Comparison of RNA- or LNA-hybrid oligonucleotides in template-switching reactions for high-speed sequencing library preparation
© Harbers et al.; licensee BioMed Central Ltd. 2013
Received: 14 May 2013
Accepted: 24 September 2013
Published: 30 September 2013
Analyzing the RNA pool or transcription start sites requires effective means to convert RNA into cDNA libraries for digital expression counting. With current high-speed sequencers, it is necessary to flank the cDNAs with specific adapters. Adding template-switching oligonucleotides to reverse transcription reactions is the most commonly used approach when working with very small quantities of RNA even from single cells.
Here we compared the performance of DNA-RNA, DNA-LNA and DNA oligonucleotides in template-switching during nanoCAGE library preparation. Test libraries from rat muscle and HeLa cell RNA were prepared in technical triplicates and sequenced for comparison of the gene coverage and distribution of the reads within transcripts. The DNA-RNA oligonucleotide showed the highest specificity for capped 5′ ends of mRNA, whereas the DNA-LNA provided similar gene coverage with more reads falling within exons.
While confirming the cap-specific preference of DNA-RNA oligonucleotides in template-switching reactions, our data indicate that DNA-LNA hybrid oligonucleotides could potentially find other applications in random RNA sequencing.
KeywordsCAGE Template-switching LNA Transcriptome Quantitative sequencing
New generations of high-speed sequencing instruments in combination with dedicated sample preparation protocols can provide results within a few days. We have developed nanoCAGE to identify each transcript by a single sequencing read [1, 2]. The nanoCAGE protocol is most suitable for digital expression profiling with benchtop sequencers as it can use a lower number of reads than any RNA-seq method and avoids normalization of read counts over transcript length. Including a cap-enrichment step, nanoCAGE focuses on sequencing tags from the 5′ end of mRNA that directly indicate expression at defined genomic locations, the transcription start sites (TSS), after mapping to a reference genome.

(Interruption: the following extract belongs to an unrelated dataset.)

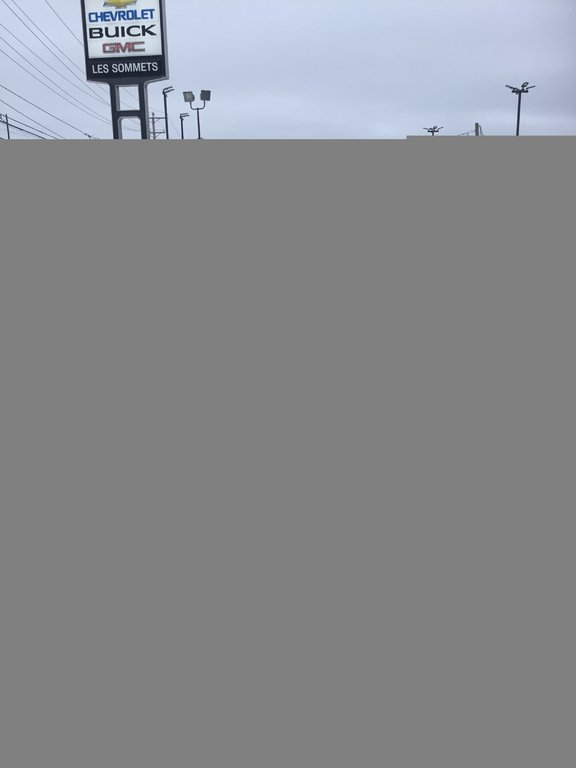 GMC Terrain  2022 à Mont-Tremblant, Québec - 5 - w1024h768px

NanoCAGE libraries are prepared in a two-step process comprising a reverse transcription reaction followed by stepwise PCR. During the reverse transcription reaction a template-switching oligonucleotide is added to directly introduce 5′ adapter sequences for PCR and Illumina sequencing. Further, the 5′ adapter can include different barcodes to facilitate multiplex sequencing . The 3′ adapter sequences needed for PCR and Illumina sequencing are introduced by the reverse-transcription primers and the later PCR. We prefer the use of random primers to cover also non-polyadenylated transcripts in the libraries.
Template-switching allows for cDNA preparation from very small RNA amounts, where even protocols have been published for the analysis of single-cells [4–6]. However, the selectivity for the cap-dependent enrichment of 5′ ends in mRNA can vary: template-switching has been used in cap-specific reactions for the preparation of full-length cDNA libraries  and 5′ RACE experiments , but also unspecific reactions are possible, for example in the preparation of RNA-seq libraries from fragmented RNA . Depending on the intended use of the template-switching reaction, it is therefore very important to find optimal conditions for cap-specific and cap-independent reverse transcription reactions. Commonly RNA-hybrid oligonucleotides are used in template-switching reactions because they provide cap-selectivity [7, 10]. The use of DNA oligonucleotides in template-switching reactions has also been reported by , but it is hard to draw general conclusions from that work, since, there is no comparison with DNA/RNA hybrids, and the target RNA was prokaryotic, and therefore not capped.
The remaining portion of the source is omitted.